I used to work with a boy living with autism, who used to have major sensory overload. To calm him down, we would wrap a blanket around him to provide deep pressure. After a while, we taught him to ask for a break, go to the sensory room, which was close to his class, and give himself the blanket roll. What a relieve that gave him, and us. Working with children with different kinds of special needs, in different centers, I have learnt that the big picture of our job is for the individuals to attain maximum independence. As we prepare the Individualized Education Plan (IEP) for each child; setting goals for each term, month, week, and day, the main aim is to help the individual attain maximum independence, depending on the severity of the condition. Sincerely, different children will attain different levels of independence, but the desire is for each child to attain the maximum level of independence he/she can attain.

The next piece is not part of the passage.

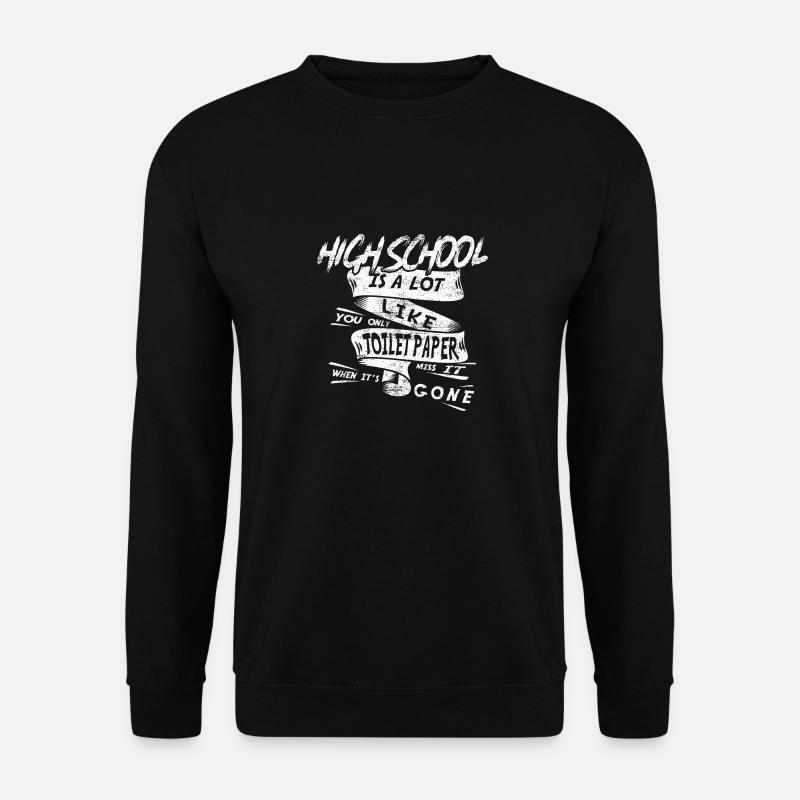 devise d'études secondaires - Sweat-shirt Unisexe - noir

As a parent, sometimes the easiest thing to do is to help your child do what he/she should do without assistance. I know that it is faster, easier, and it has less hassle to just help the child. Yes, your son spills his food when he eats, and you have to sweep after he is done, so you would rather just feed him. Okay, your daughter wastes your time if she gives herself her bath, and that makes you late. I work with this children, and I can tell you that there are times I am so tempted to prompt (assist with) an activity a child is supposed to do independently, because it is the easy way out. But think about this; that your child will not always be a child. Do you know you will not be there forever? What will happen then? I am not overlooking the fact that the child's case may be severe, but can he/she be as independent as possible?

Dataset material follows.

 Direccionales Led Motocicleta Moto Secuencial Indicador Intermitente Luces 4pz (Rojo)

I hope that parents of children with different needs can learn from this article, but I may be speaking from the autism perspective mostly (it's not my fault, the blog is Autism Gist). There are certain skills neuro-typical children pick up as they grow up, without someone actually teaching them, but children with autism have to be taught specifically. A major example of such skills is a group of skills referred to as Activities for Daily Living (ADL); bathing, brushing, using the toilet, dressing up, etc. Imagine a 35-year-old man, who cannot clean up after using the toilet, or a young lady who cannot give herself a bath. I am sure that is not a pretty thing to imagine. Teaching ADL is not exclusive to children living with autism, it is also needed by people with other disorders. As much as you are particular about building your child's cognitive skill, social skill, behavior, communication and what have you, know that your child's basic skills will not come automatically as these other skills are built; you have to TEACH the skills.

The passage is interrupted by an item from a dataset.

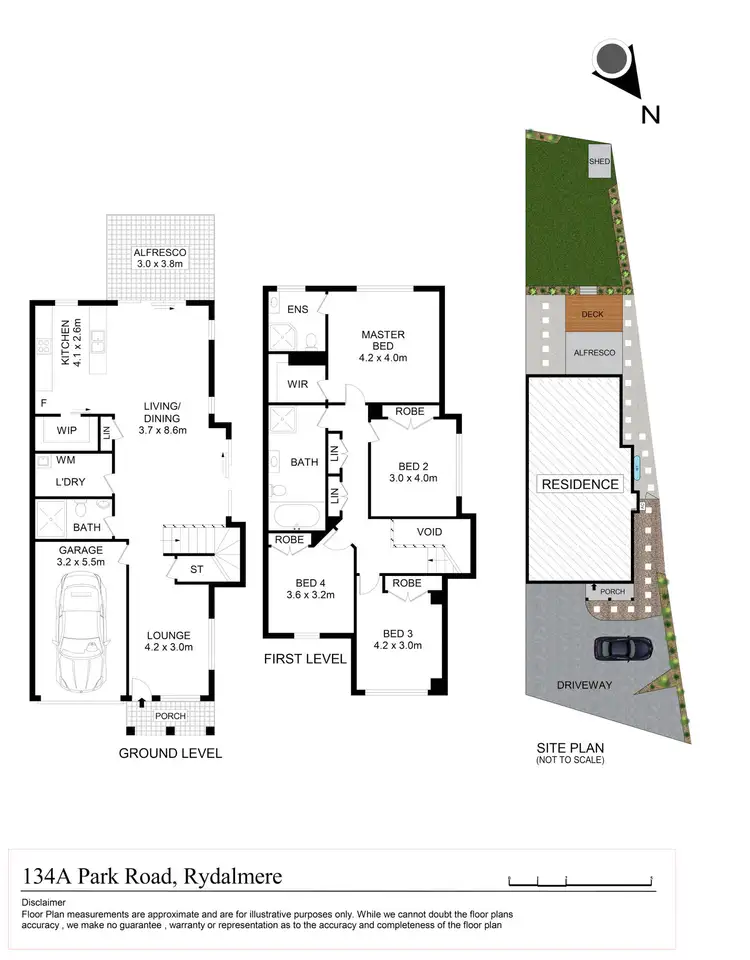 Floorplan of Homely semi-detached listing, 134A Park Road, Rydalmere NSW 2116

Dealing with a non-verbal child can serve as a limitation to encouraging independence. First, it is important to help the child find appropriate ways to communicate (I have an article here about communication for children that are non-verbal or limited in speech); but in helping a non-verbal child to be independent, you may need to consider the use of pictures. In fact, pictures can be useful even if the child is verbal. It will serve as a visual aid, giving pictures to the words spoken. Another important way of encouraging independence is routine. You can create a schedule plan for your child, which breaks down activities he/she has to do for each day; and stick to it.
Removing the reins can be a bit difficult, but you can create a plan on how to go about it. You can speak with your child's therapist, who can help you with planning. Take it one step at a time, but don’t be slow about it. Remember to put in perspective the severity or mildness of your child's condition, and the level of support your child requires at every given time. You will be frustrated, and your child will be frustrated if the tasks seem unachievable.
So as we celebrate Nigeria's independence, I look forward to celebrating with you, your child's level of independence in a near future. We will celebrate together each milestone, because your child can do much more than you can imagine.
All the best, and I hope it's not too late, or "too early" to say Happy Independence to you.